Kedelapan, Ramlah, putri Abu Sufyan, meninggalkan orang tuanya dan berhijrah ke Habasyah bersama suaminya. Tetapi sang suami kemudian memilih agama Nasrani di sana dan menceraikannya, sehingga dia hidup sendiri di perantauan. Melalui penguasa Habasyah, Nabi melamarnya dengan harapan mengangkatkan dari penderitaan sekaligus menjalin hubungan dengan ayahnya yang ketika itu merupakan salah satu tokoh utama kaum musyrikin di Mekkah. Ini terjadi pada tahun ke-6 H saat Ramlah berusia 40 tahun.
Kesembilan, Shafiyah, putri pemimpin Yahudi dari Bani Quraizhah, yang ditawan setelah kekalahan mereka dalam pengepungan yang dilakukan oleh Nabi Muhammad Saw. Ia diberi pilihan kembali pada keluarganya atau tinggal bersama Nabi dalam keadaan bebas merdeka. Dia memilih untuk tinggal. Di rumah itu, Nabi mendengar seorang yang memakinya “pendek”. Maka, Nabi menghibur Shafiyah sambil mengecam dengan keras pemakinya. Pada tahun ke-7 H saat Shafiyah berusia 16 tahun, Nabi menikahinya.

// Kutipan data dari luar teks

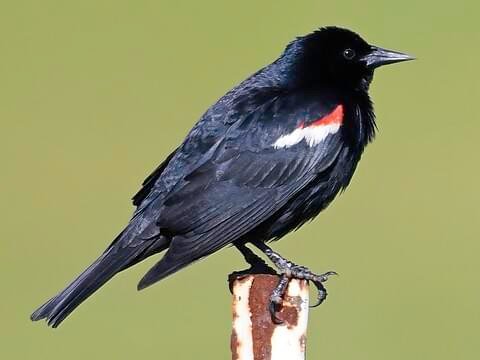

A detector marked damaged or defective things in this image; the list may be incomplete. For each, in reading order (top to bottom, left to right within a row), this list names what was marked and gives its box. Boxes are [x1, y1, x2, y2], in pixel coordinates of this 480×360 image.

rusty metal post [231, 274, 310, 358] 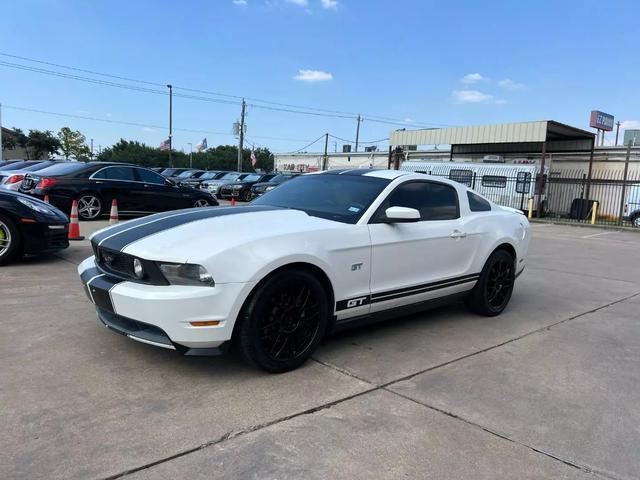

Kesepuluh, Maimunah binti al-Haris, adalah adik dari Ummu al-Fadhl Lubabah al-Kubra, istri paman Nabi, yakni al-Abbas. Maimunah sangat mengagumi Nabi Muhammad Saw, hingga pada suatu hari ia berbisik pada saudarinya, Ummu al-Fadhl, bahwa ia menaruh hati kepada Nabi dan berminat jika beliau berkenan untuk menjadikan ia sebagai istrinya. Ummu al-Fadhl menyampaikan isi hati adiknya itu kepada suaminya, lalu sang suami yang merupakan paman Nabi membisikannya kepada Rasulullah Saw dan gayung pun bersambut. Nabi mengharap pamannya yang lain, yakni Ja’far, pergi menemui Maimunah untuk melamarnya buat beliau secara resmi, dan tentu saja dengan senang hati Maimunah menerima lamaran Nabi Saw. Maimunah adalah wanita terakhir Nabi nikahi, dan ini terjadi pada tahun ke-7 H saat Maimunah berusia 26 tahun.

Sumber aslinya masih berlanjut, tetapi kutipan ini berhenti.